**What needs to be done:**
From the material below, reproduce exactly the stretch of lines that begins with the line holding "Blefaroplastia inferior antes" and ends with the line holding "Die Hauttypen - Cilt Lekelerinin Almancası 4", skipping the pictures.

######

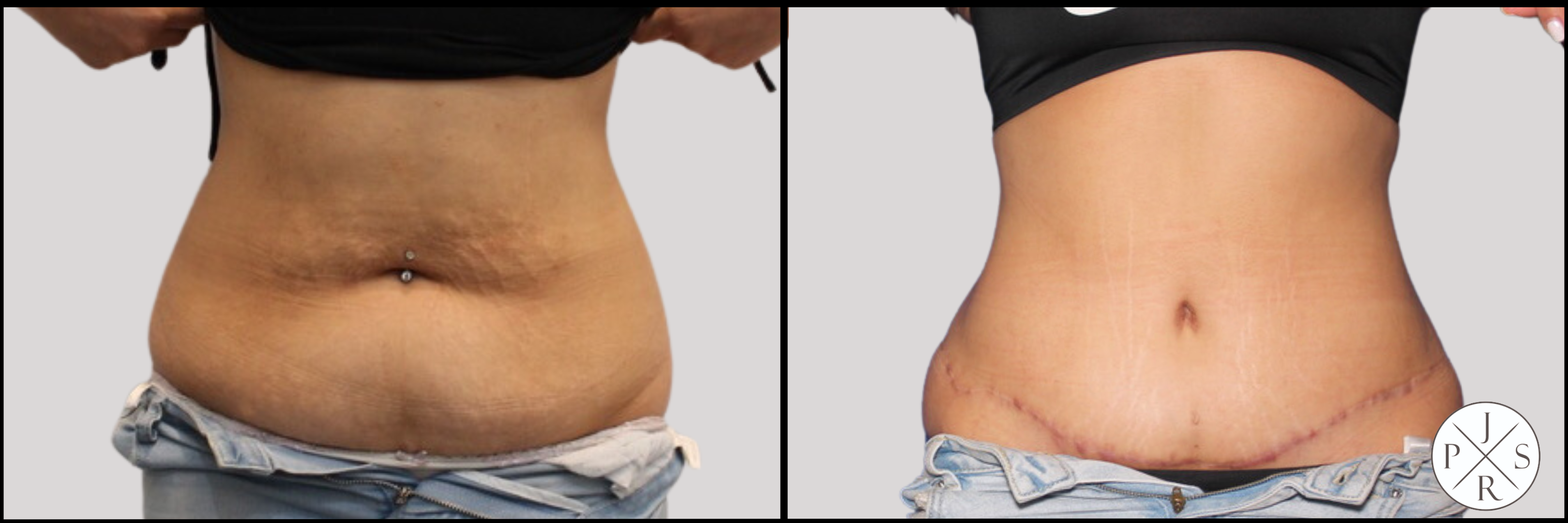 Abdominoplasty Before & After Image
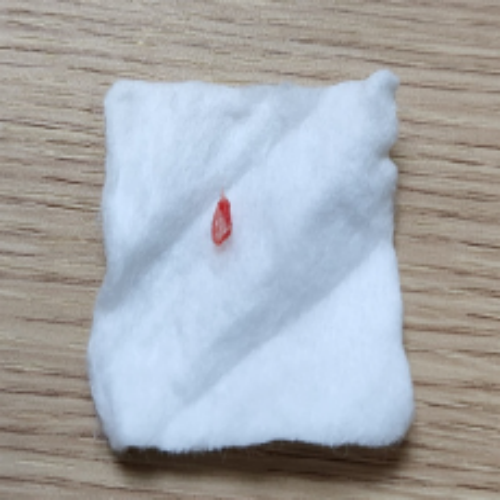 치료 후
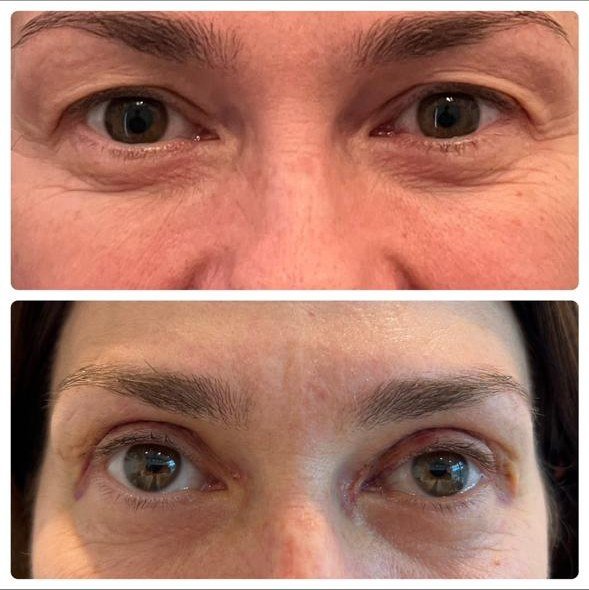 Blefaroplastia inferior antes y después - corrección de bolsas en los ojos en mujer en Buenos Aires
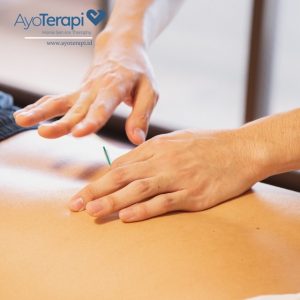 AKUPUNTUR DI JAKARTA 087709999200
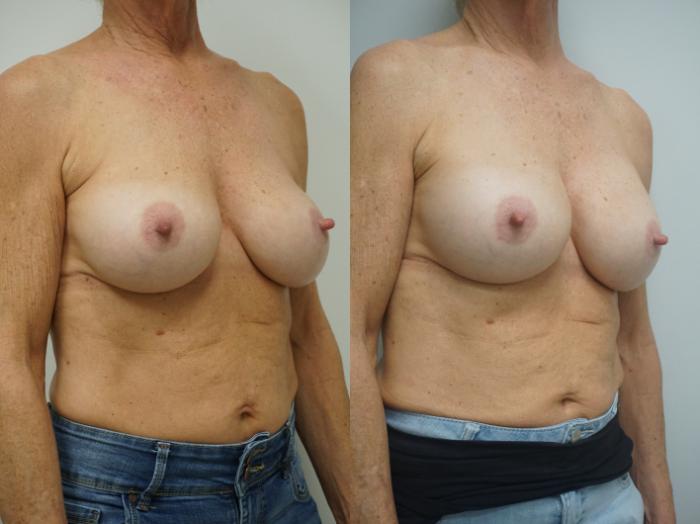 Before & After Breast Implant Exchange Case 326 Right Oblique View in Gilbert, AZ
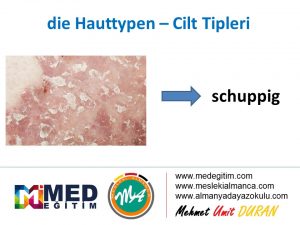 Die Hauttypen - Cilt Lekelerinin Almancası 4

######

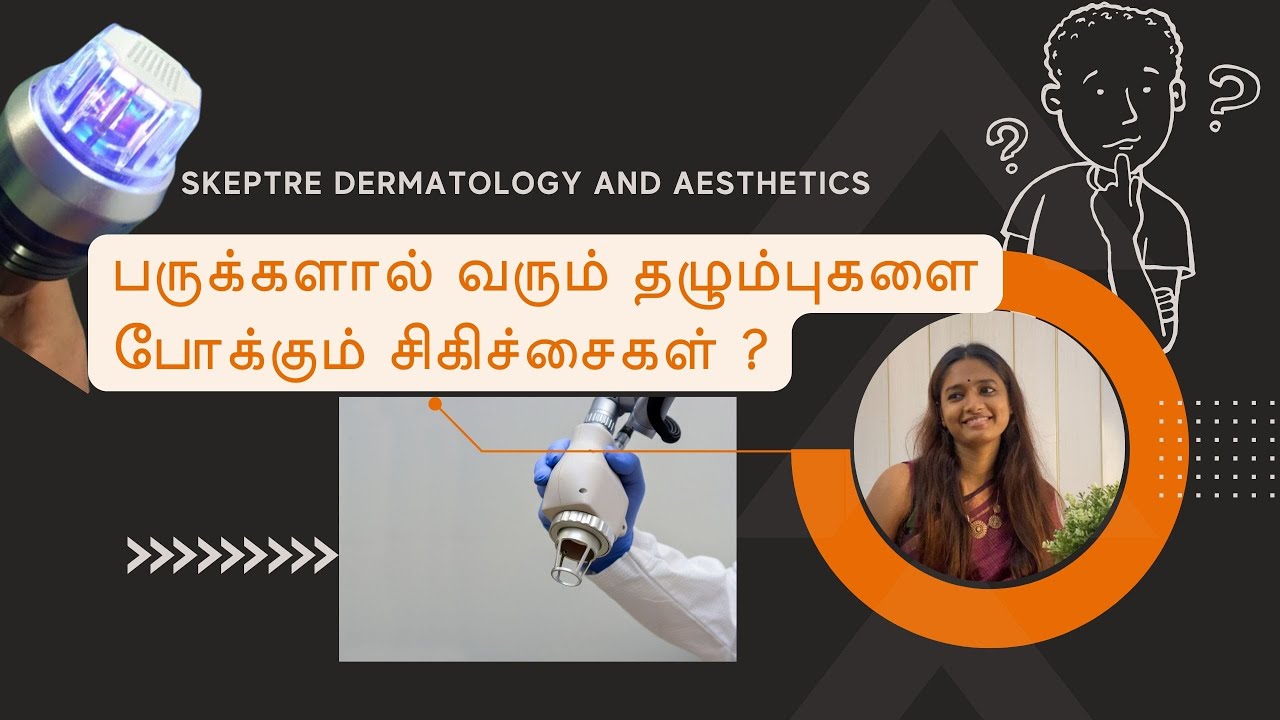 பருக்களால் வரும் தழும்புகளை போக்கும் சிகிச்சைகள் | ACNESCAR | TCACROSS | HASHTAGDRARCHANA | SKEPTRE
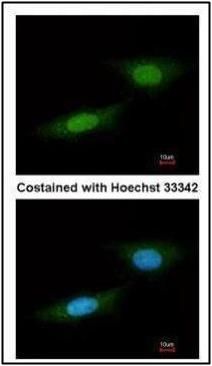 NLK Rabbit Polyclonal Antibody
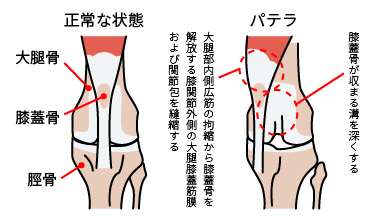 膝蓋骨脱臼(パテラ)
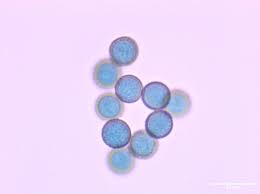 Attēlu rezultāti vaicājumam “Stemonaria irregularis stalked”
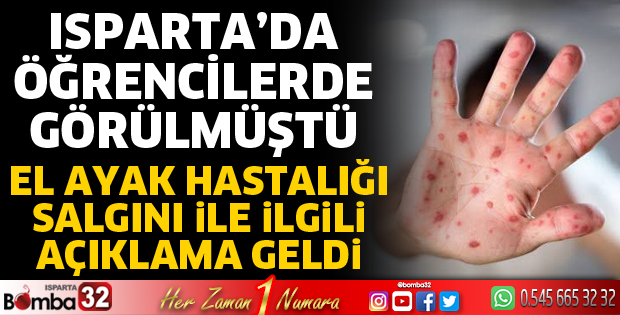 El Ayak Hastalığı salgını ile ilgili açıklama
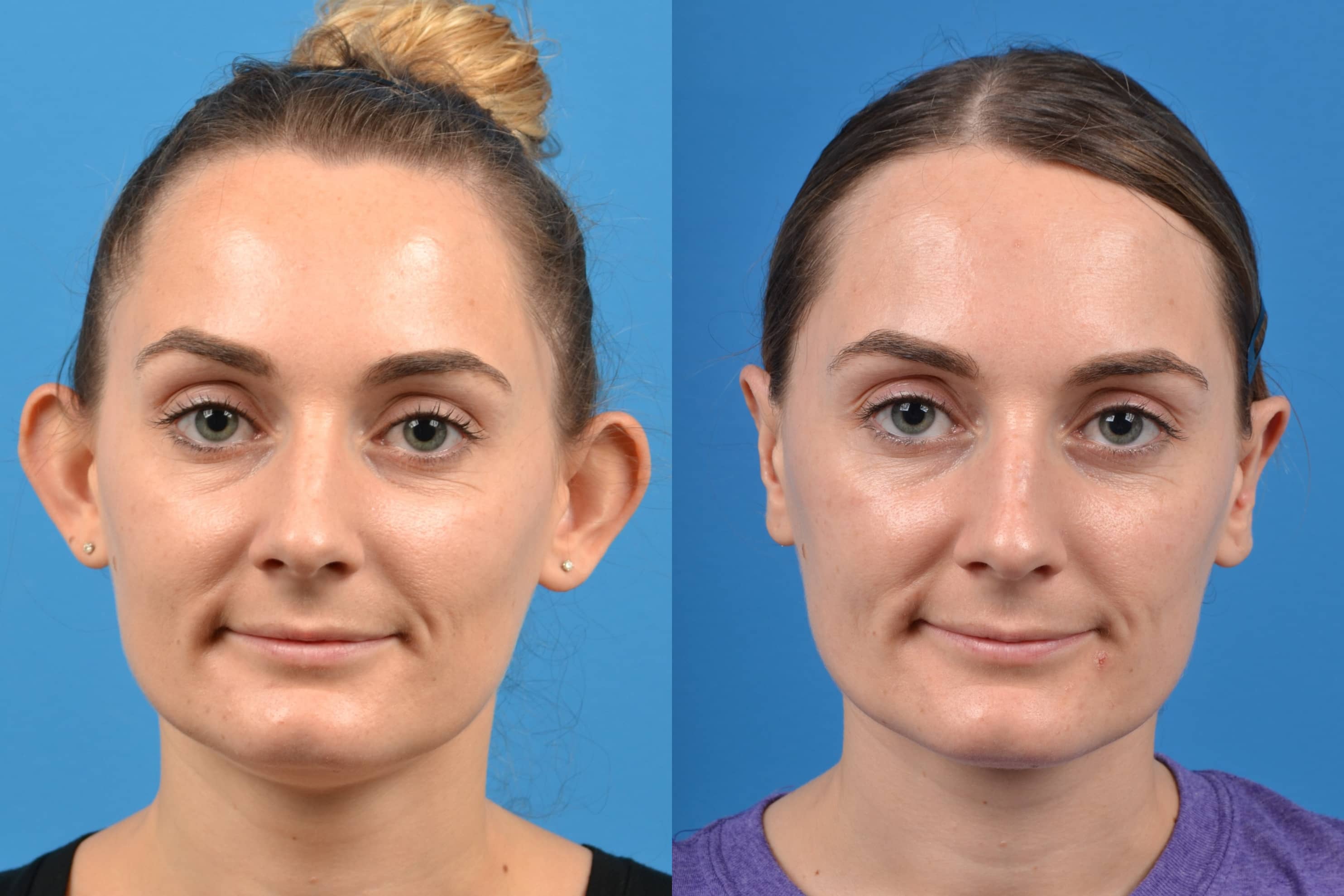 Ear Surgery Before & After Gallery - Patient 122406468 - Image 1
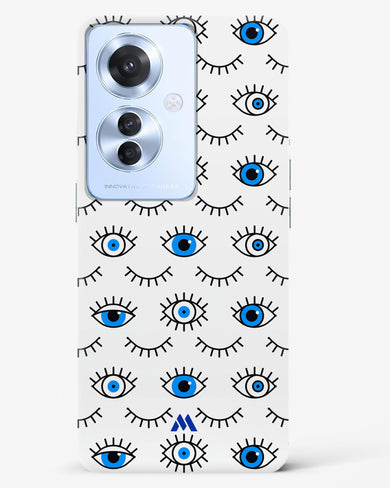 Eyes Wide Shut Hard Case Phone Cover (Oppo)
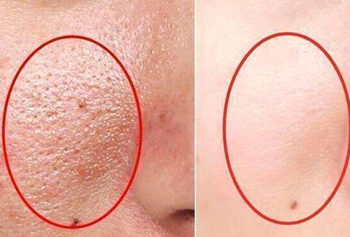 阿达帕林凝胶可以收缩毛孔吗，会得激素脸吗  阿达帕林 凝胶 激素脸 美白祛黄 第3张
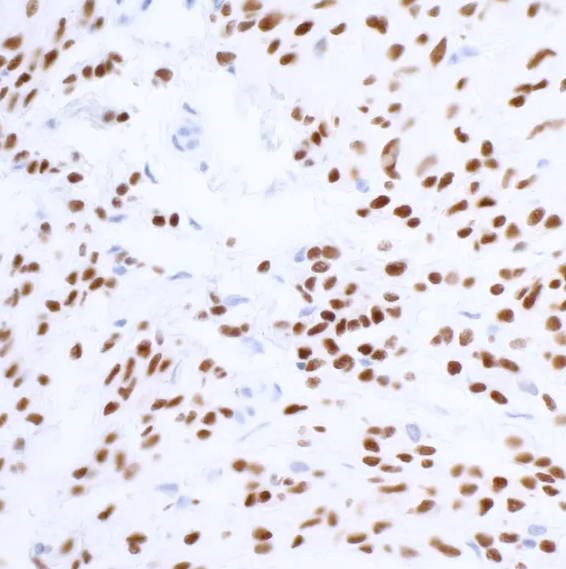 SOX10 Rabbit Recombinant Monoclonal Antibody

######

**Answer to this task:**
 Blefaroplastia inferior antes y después - corrección de bolsas en los ojos en mujer en Buenos Aires
 AKUPUNTUR DI JAKARTA 087709999200
 Before & After Breast Implant Exchange Case 326 Right Oblique View in Gilbert, AZ
 Die Hauttypen - Cilt Lekelerinin Almancası 4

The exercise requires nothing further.